We want models to learning simultaneously about each cluster while learning about the population of clusters.

Represent the population of cafes and learn about the population. Learn priors from data.

multilevel models remember features of each cluster in the data as they learn about all of the clusters.

Benefits of multilevel models include:

  1. Improved estimates for repeat sampling. When more than one observation arises from the same individual, location, or time, then traditional, single-level models either maximally underfit or overfit the data.
  2. Improvied estiamtes for imbalance in sampling. When some individuals, locations, or times are samples more than others, multilevels models automatically cope with differing uncertainty across these clusters.
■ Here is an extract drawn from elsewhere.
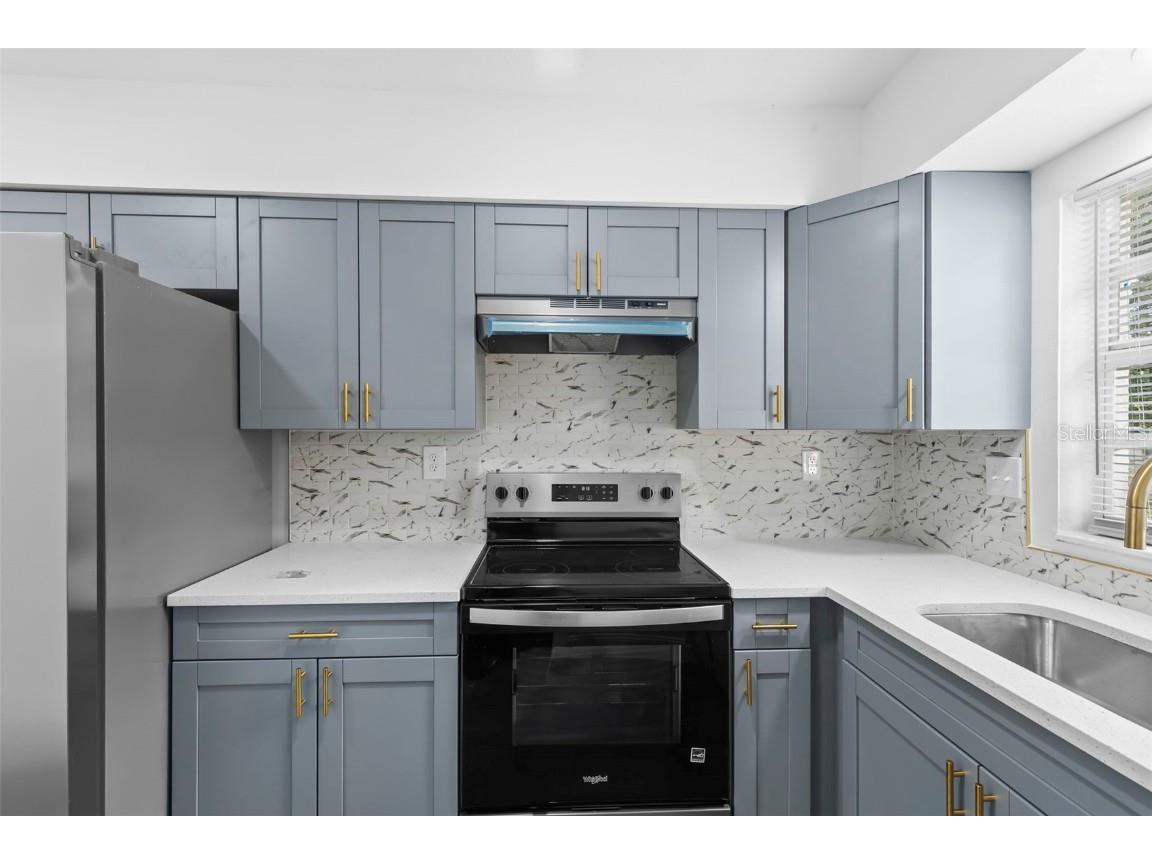 7724 Downing Circle Tampa FL 33610 TB8428596 image12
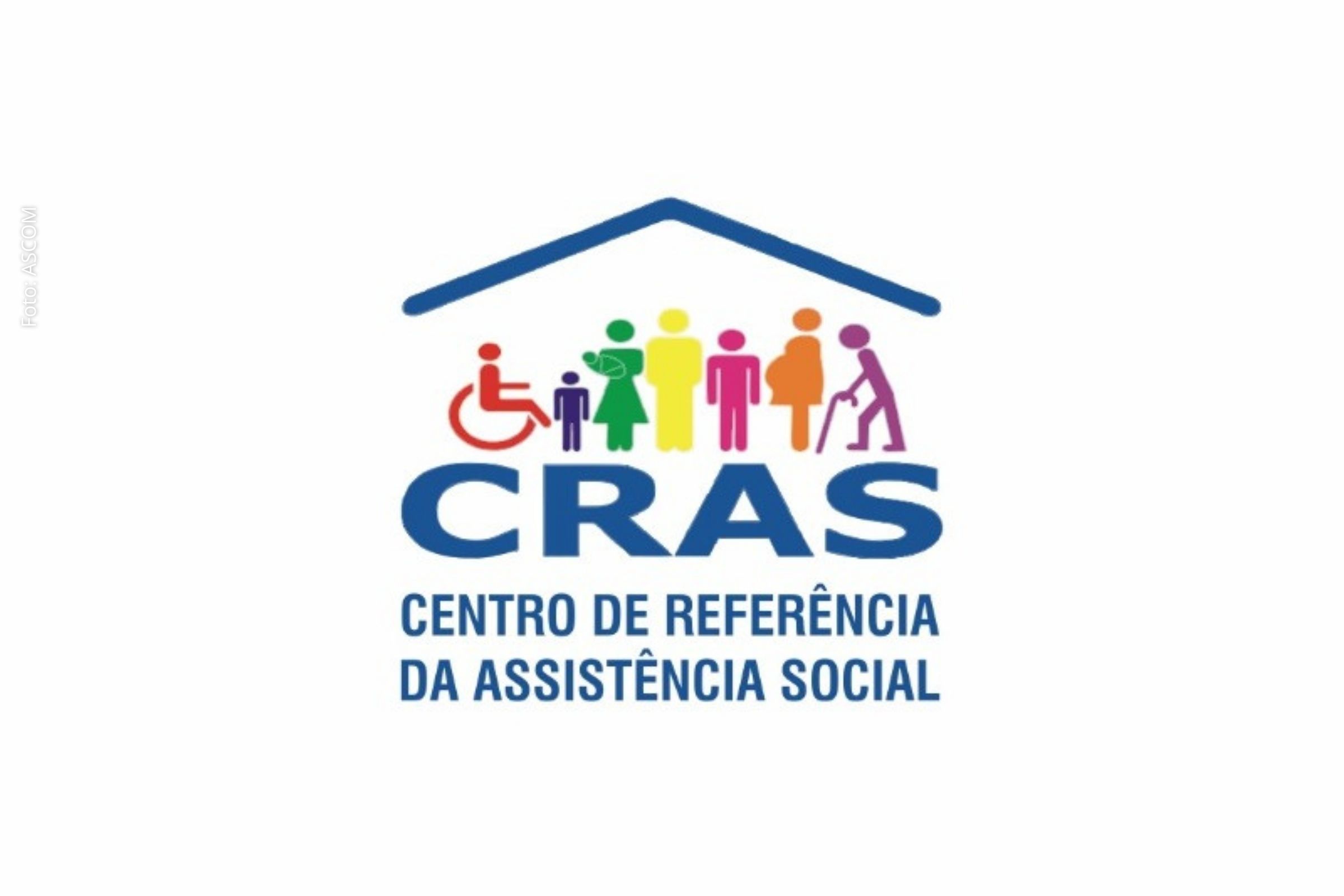 Indicação na Câmara Municipal de Feira de Santana solicita reforma do CRAS do Jardim Acácia para melhorar atendimento social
This prevents over-sampled clusters from unfairly dominating inference.
  3. Estimates of variation. If our research questions include variation among individuals or other groups within the data, then multilevel models are a big help, because they model variation explicitly.
  4. Avoid averaging, retain variation. Frequently, scholars pre-average some data to construct variables. This can be dangerous, because averaging removes variation, and there are also typically several different ways to perform the averaging. Averaging therefore constructs false confidence and introduces arbitrary data transformations. Multilevel models allow us to preserve the uncertainty and avoid data transformations.
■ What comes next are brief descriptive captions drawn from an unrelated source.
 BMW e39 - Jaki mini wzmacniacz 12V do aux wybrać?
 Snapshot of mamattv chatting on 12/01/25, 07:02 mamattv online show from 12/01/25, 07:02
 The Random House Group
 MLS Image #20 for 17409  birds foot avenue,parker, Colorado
Costs of multilevel approach

  1. Define the distributions from which the characteristics of the clusters arise. Conservative maximum entropy distributions are the solution
  2. there are new estimation challenges > MCMC estimation
  3. multilevel model can be hard to understand, because they make predictions at different levels of the data.

12.1 Example: Multilevel tadpoles

library(rethinking)
data(reedfrogs)
d <- reedfrogs
str(d)

Multiple observations, the tadpoles in this case, are made within each cluster. A multilevel model, in which we simultaneously estimate both an intercept for each tank and the variation among tanks, is what we want. this will be a varying intercepts model. Varying intercepts are the simplest kind of varying effects.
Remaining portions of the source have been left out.